▸ **INFORMATION PROVIDED**:
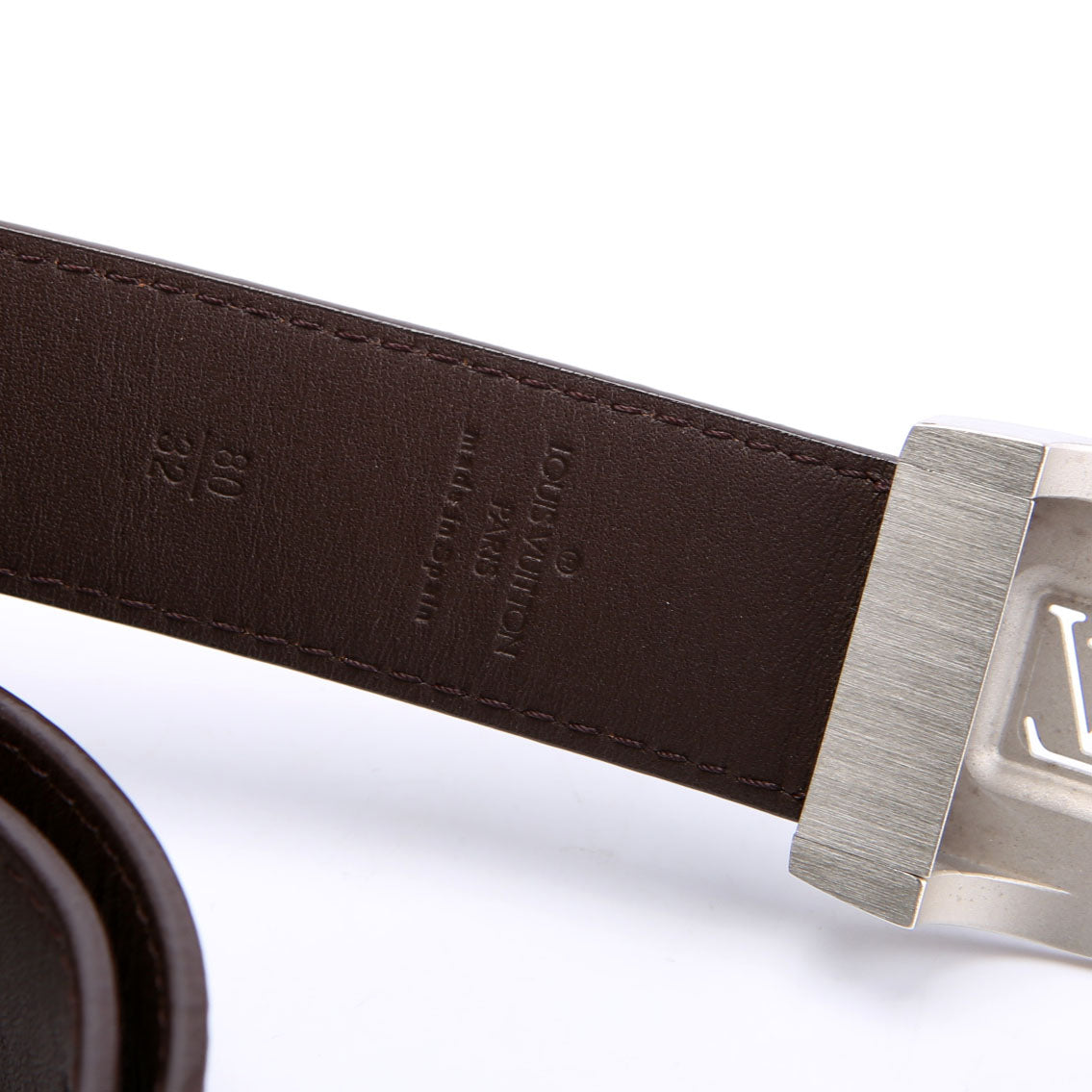 LV Cut Reversible Square Buckle Belt Size 80/32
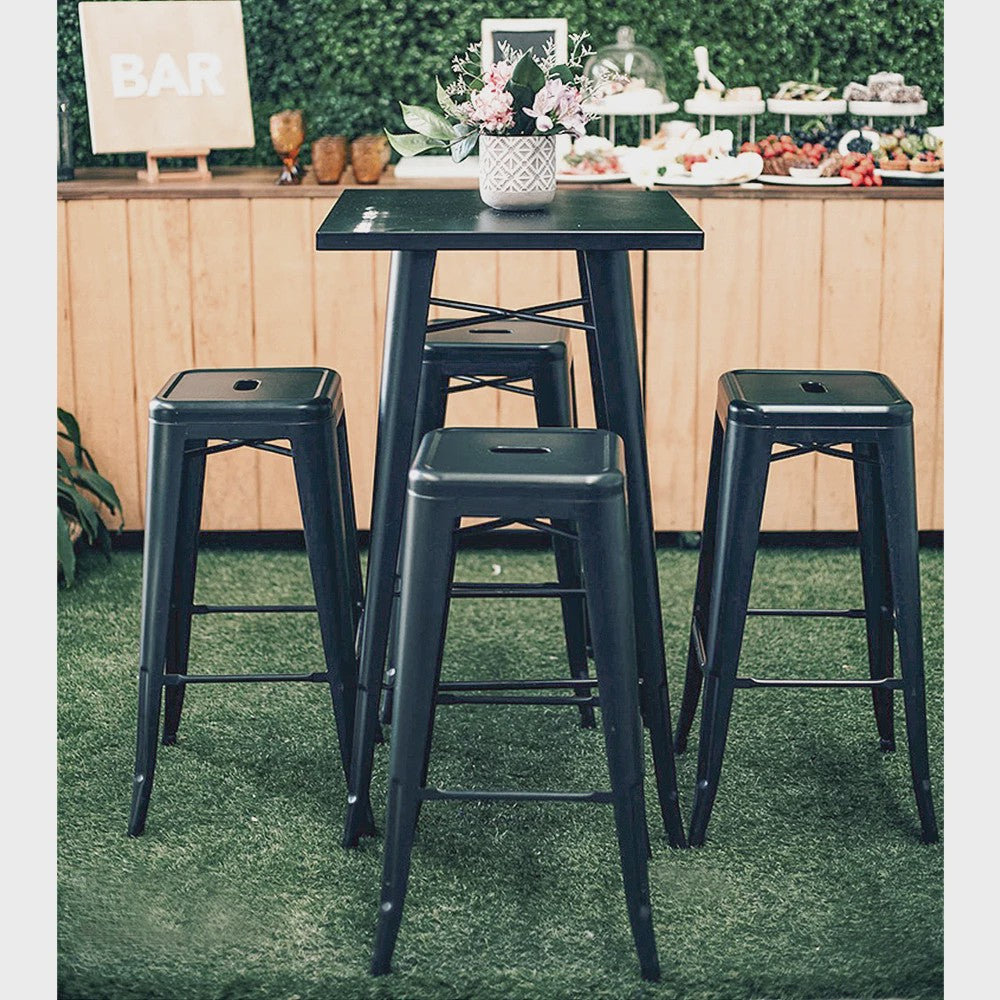Set van 4 Industriële Barkrukken Metaal Zwart - 76cm Hoog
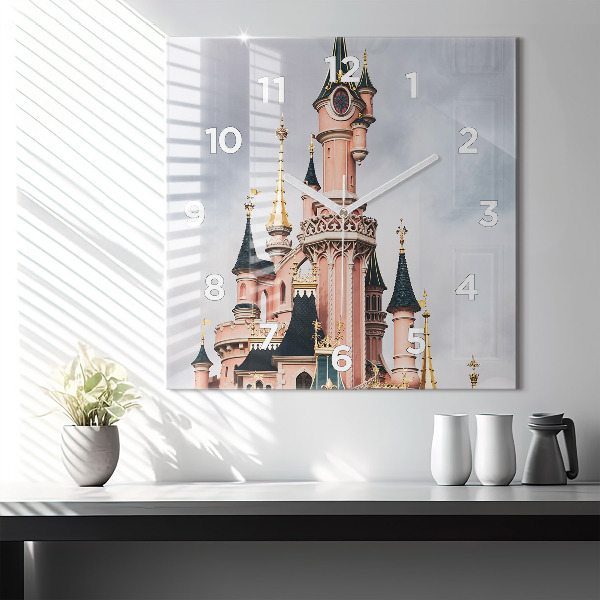 Zegar ścienny kwadratowy Zamek Disneyland w Paryżu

▸ **ASSIGNMENT**: Using the data above, print every line exactly, omitting pictures.

▸ **RESPONSE BELOW**:
 LV Cut Reversible Square Buckle Belt Size 80/32
Set van 4 Industriële Barkrukken Metaal Zwart - 76cm Hoog
 Zegar ścienny kwadratowy Zamek Disneyland w Paryżu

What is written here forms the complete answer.